Hamilton, Ontario skyline
Hamilton, Ontario skyline iStock

Councillors in the city of Hamilton, Ontario unanimously voted to ban hate symbols such as the swastika and the Confederate flag from city property on Monday.

They also voted to change a by-law so that hate symbols can be removed without notice, reported the Global News.

The city report only lists the Nazi symbol and the flag originating with the South during the US Civil War as hate symbols.

Other hate symbols are “currently not well-defined within the criminal code,” city spokesperson Sarah Ghandour told the CBC.

She added that city staff will be clarifying the definition of a hate symbol as the by-law is put into place.

Hate symbols will only be banned on city property. People will still be able to legally have them on private property.
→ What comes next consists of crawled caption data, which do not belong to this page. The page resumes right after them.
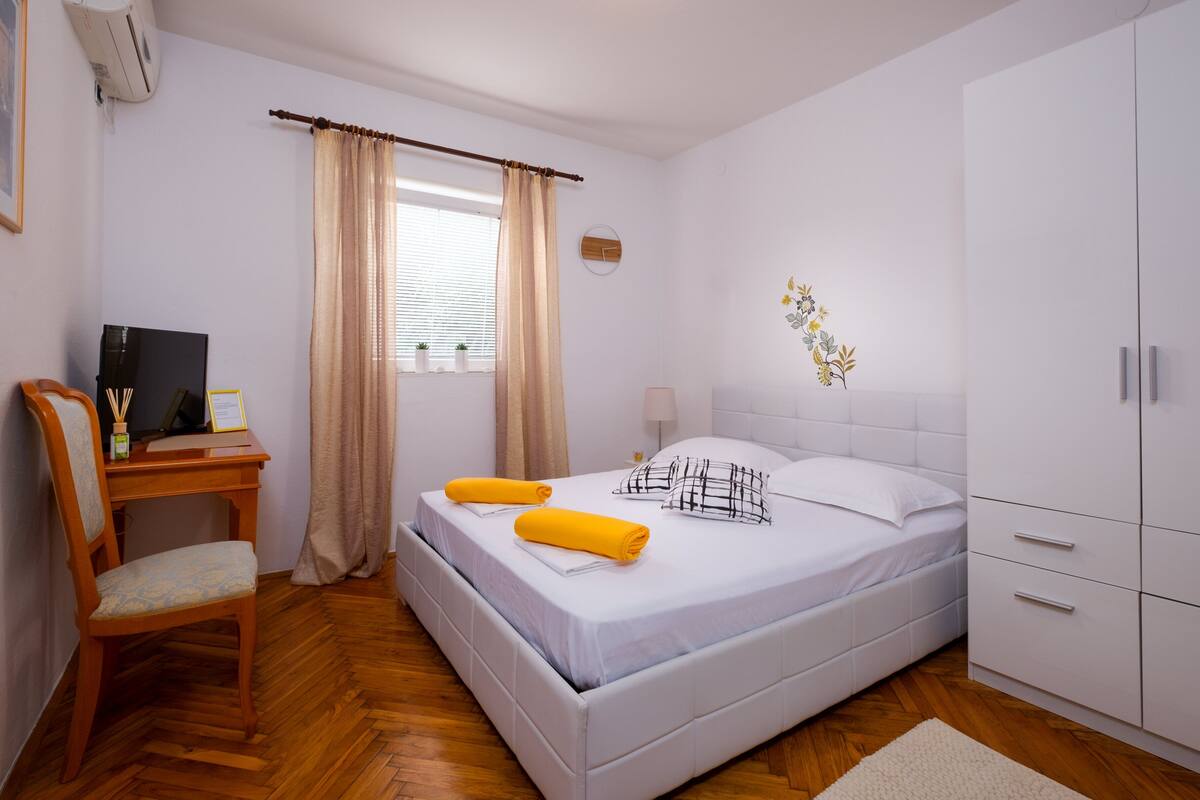 Habitación doble | Wifi gratis y ropa de cama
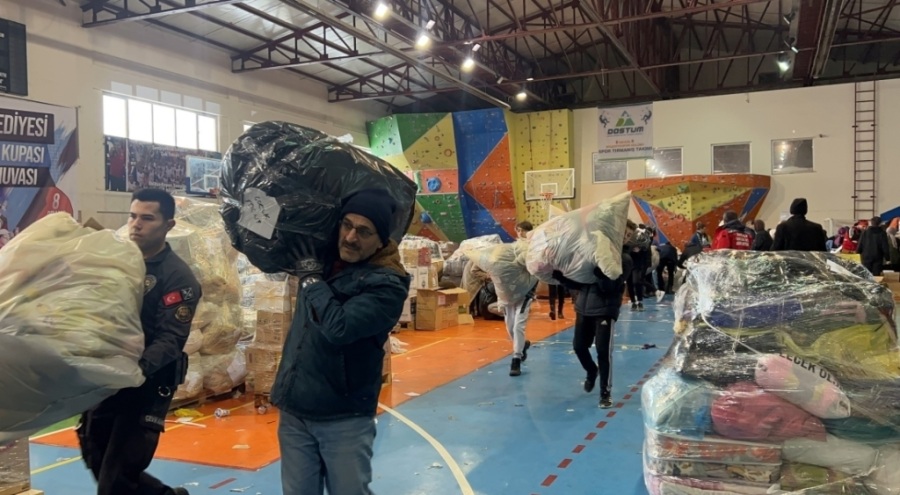 Bursa İnegöl Belediyesi deprem bölgesine yardımlarını sürdürüyor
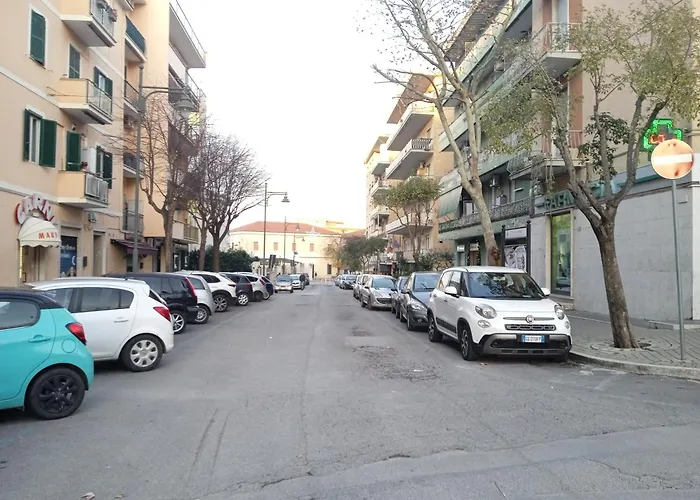Adriatic 50 M Dalla Stazione Ferroviaria Di E Dalla Navetta Aeroportuale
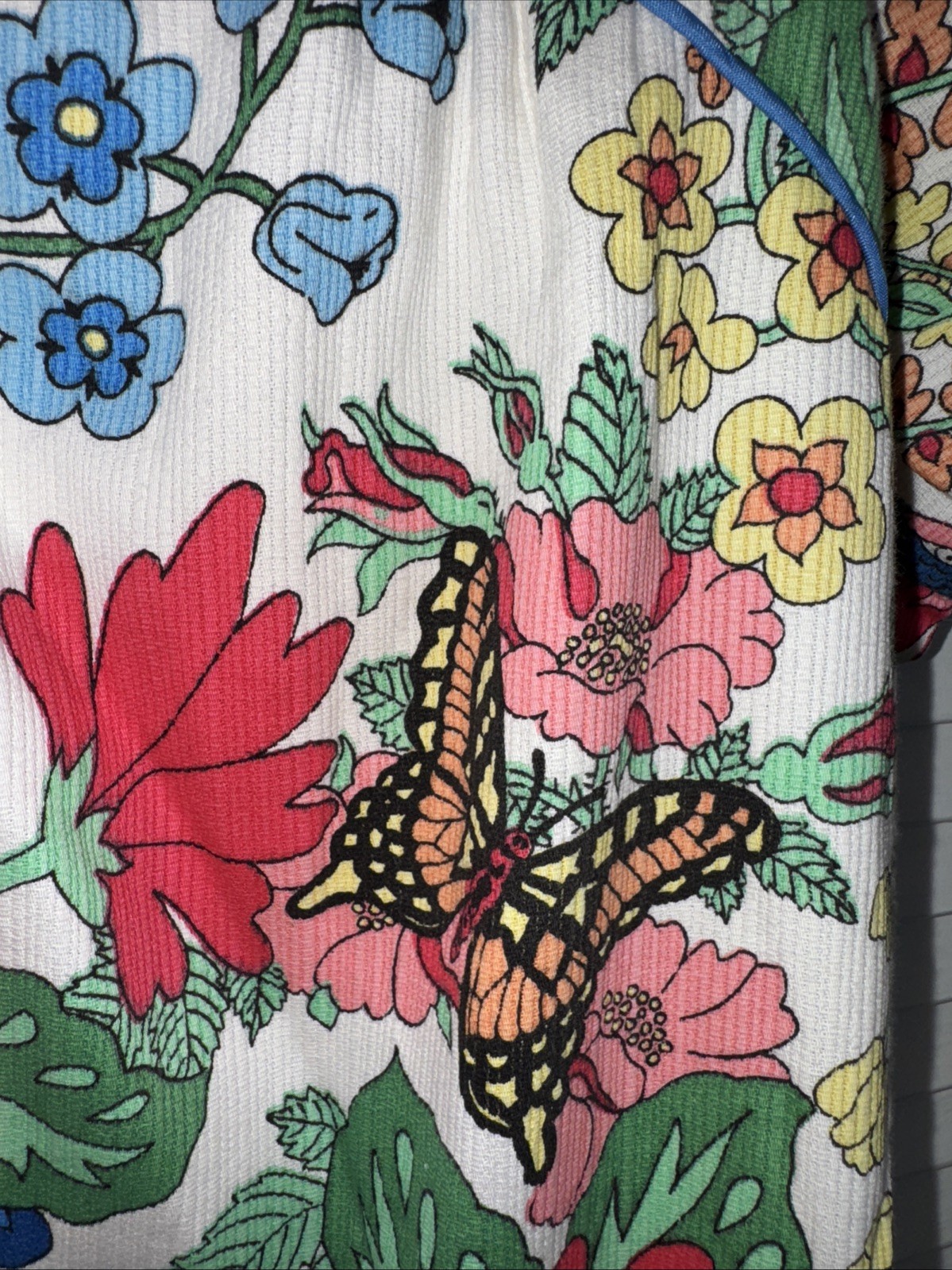 Rare Vintage 60’s 70’s Flower Butterfly Fashions Robes Look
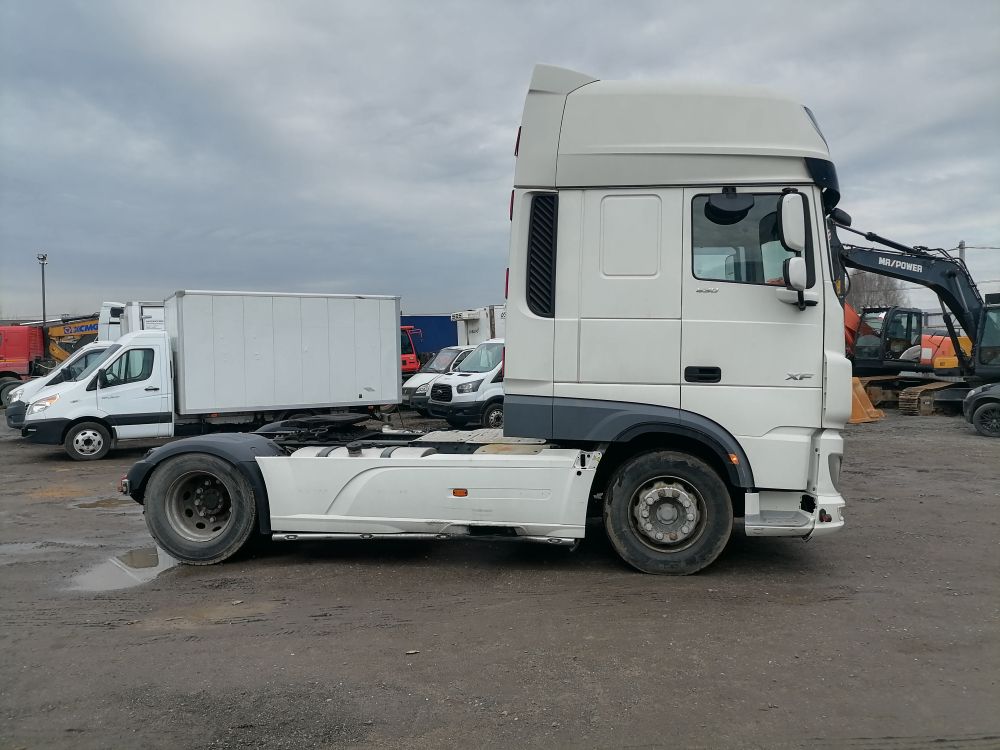 DAF XF 6x2 Седельный тягач XF 106 530 (Дизельный, 12,9 л, 530 л.с., АТ)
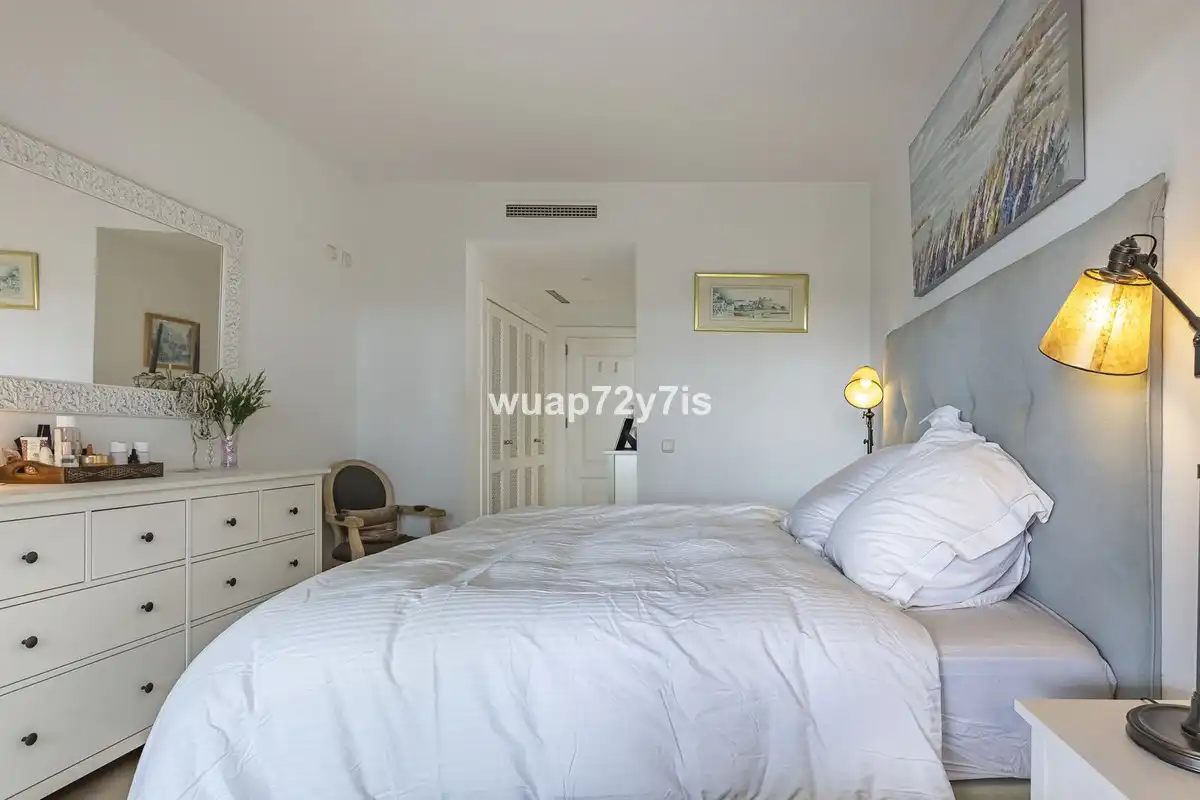 Piso con ascensor en venta en Nueva Andalucía, imagen 16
However, hate crime laws in Canada are not made at a municipal level.

Hamilton police spokesperson Const. Krista-Lee Ernst clarified to the CBC that it is only a criminal offense if a Confederate Flag on private property was attacking a specific target with words or actions.

"If [the symbol was] accompanied by words or an act or a sign, et cetera, the incident would be investigated," she said. "It's very, very specific. Like if that person doesn't own that property, then there's more there, but we live in Canada and it's the freedom of speech."

Hamilton council is taking the action due to the Canadian city’s reputation for hate crimes. According to data from Statistics Canada, Hamilton had the highest rate of hate crimes nationally in four out of the last six years, with Jews among the most frequently targeted groups.

The city’s director of government and community relations, Morgan Stahl, will be implementing procedures to ensure Hamilton is in accordance with anti-hate strategies undertaken by other localities.

She has ordered staff to create a report with “real, tangible timelines and objectives,” the CBC reported.